Over the past decade, the Qiang embroidery cooperative Zhang founded in her hometown in Lixian county of the Aba Tibetan and Qiang autonomous prefecture in Sichuan province, has expanded to over 20 full-time employees. At its peak, it employed more than 300 Qiang women in part-time embroidery production.
Her workshop in the Taoping Qiang village in Lixian has developed more than 1,000 Qiang embroidery cultural and creative products, attracting over 10,000 university students each year for study tours.
Zhang was born and raised in the Jiaochang village in Lixian. In her generation, few girls in the village could do Qiang embroidery.
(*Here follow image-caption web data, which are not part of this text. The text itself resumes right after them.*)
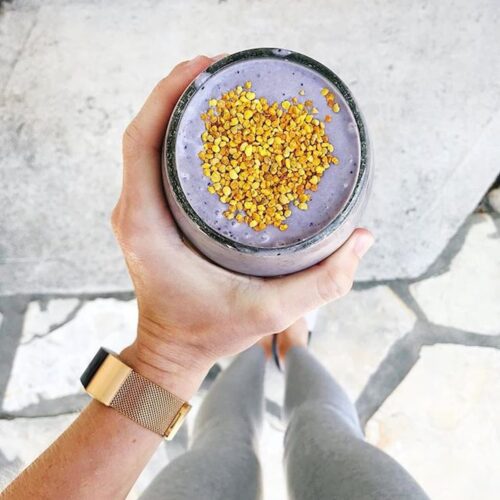 blueberry hemp protein smoothie with bee pollen topping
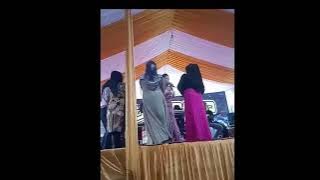 virall!!Emak Emak Goyang Heboh Bikin Melongo Yang Nonton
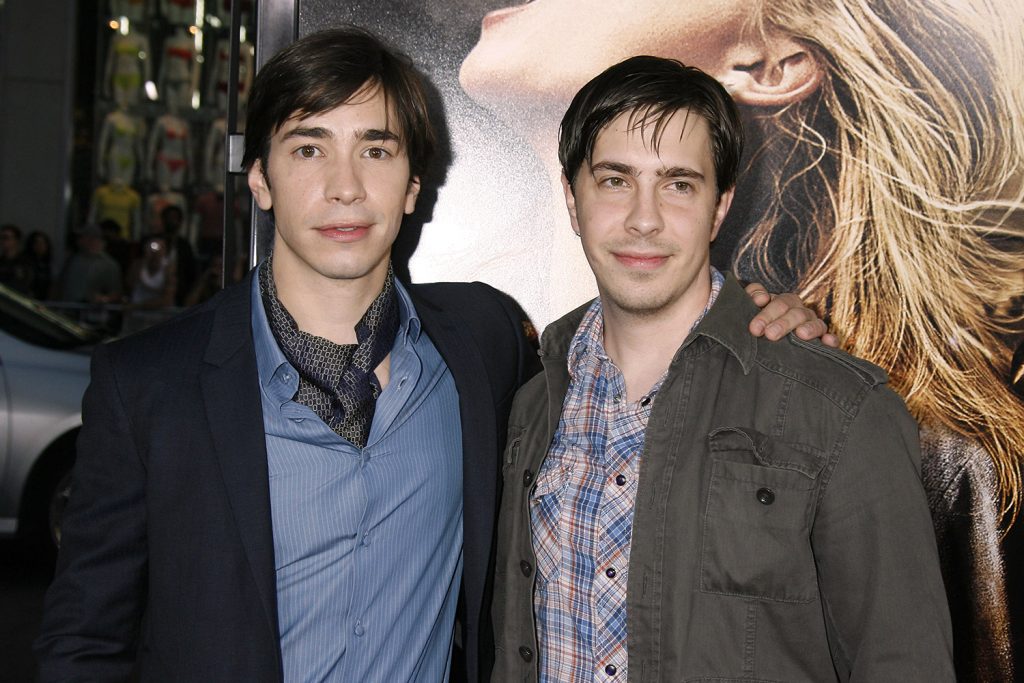 Justin Long and his brother Christian believe that they have contracted Corona virus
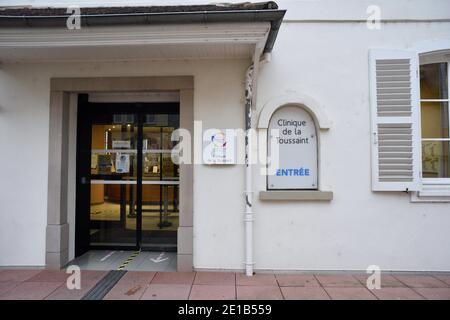 Première vaccination contre le covid à la clinique de la Toussaint à Strasbourg. Les patients et les travailleurs de la santé reçoivent le vaccin Comirnaty de Pfizer Biontech. Ces injections sont faites dans un département de cette clinique du Groupe hospitalier Saint-Vincent, un établissement privé d'intérêt collectif et désigné comme site pilote par l'Agence régionale de santé (ARS) Grand est (Agence régionale de santé). 5 janvier 2021, à Strasbourg Nord-est de la France.photo de Nicolas Roses/ABACAPRESS.COM Banque D'Images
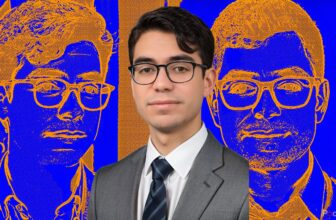 Methods to create an AI LinkedIn headshot with this viral TikTok development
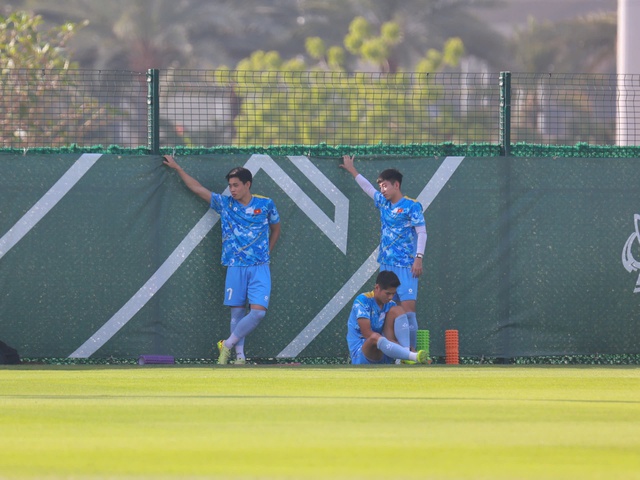 HLV Kim Sang-sik nói về hình ảnh ăn táo viral khắp cõi mạng của Đình Bắc: "Tôi không biết cậu ấy đói hay sao..."- Ảnh 5.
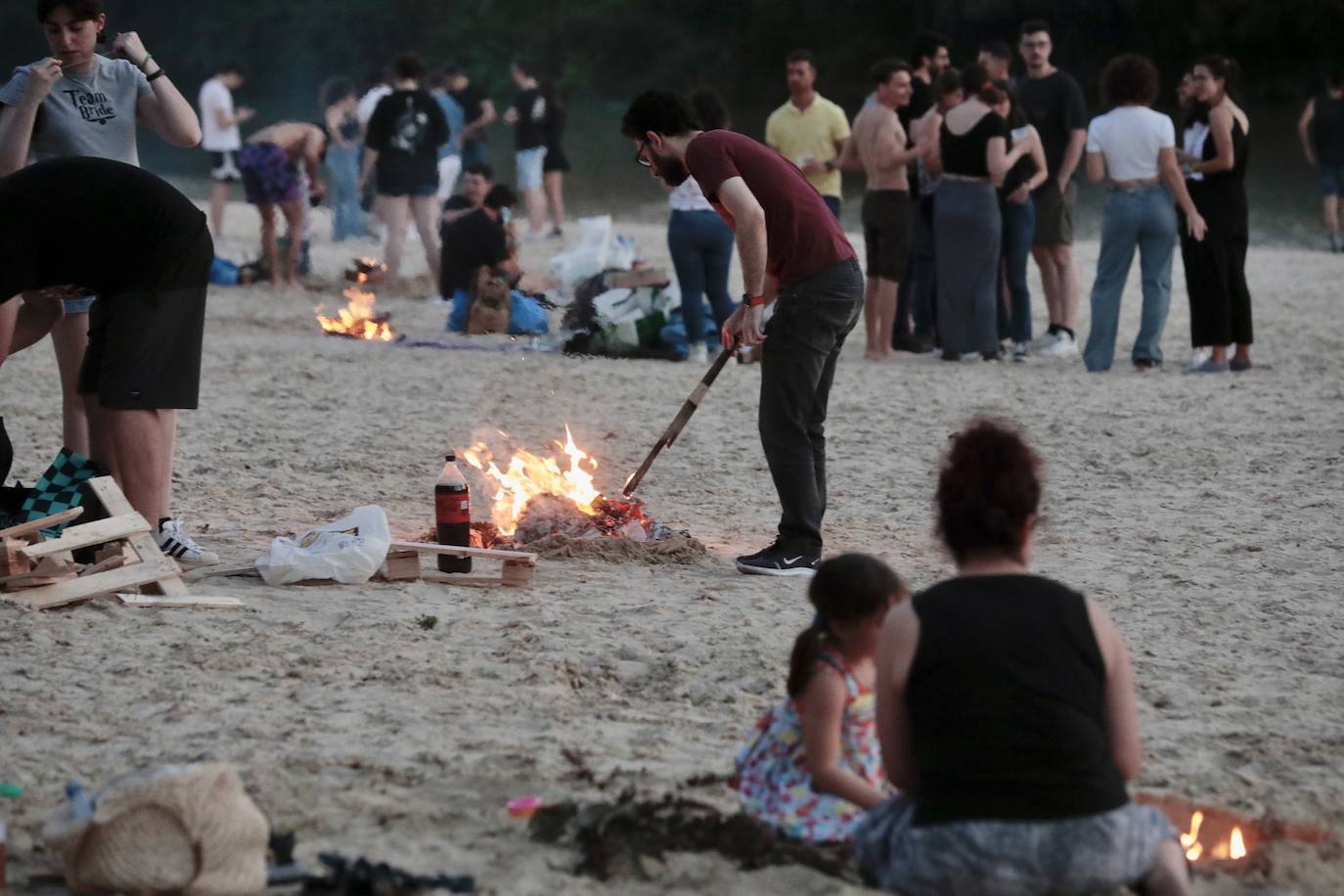 La playa de Las Moreras en la noche de San Juan, en imágenes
"My mother's generation began prioritizing education over embroidery," she recalls. "Since I was a child, people started to wear factory-made modern clothes. Now, traditional Qiang embroidered garments are only worn during festivals."
Zhang's renewed understanding of Qiang embroidery came after the magnitude 8.0 Wenchuan earthquake in 2008, which led to the permanent loss of numerous Qiang buildings, artifacts and cultural inheritors.
Following the earthquake, the Aba prefecture government launched a Qiang embroidery support program in cooperation with a charitable foundation, bringing in orders of Qiang embroidery products to the women to help increase their income.
"It made me realize that Qiang embroidery could be transformed into a variety of products and integrated into modern life," she says.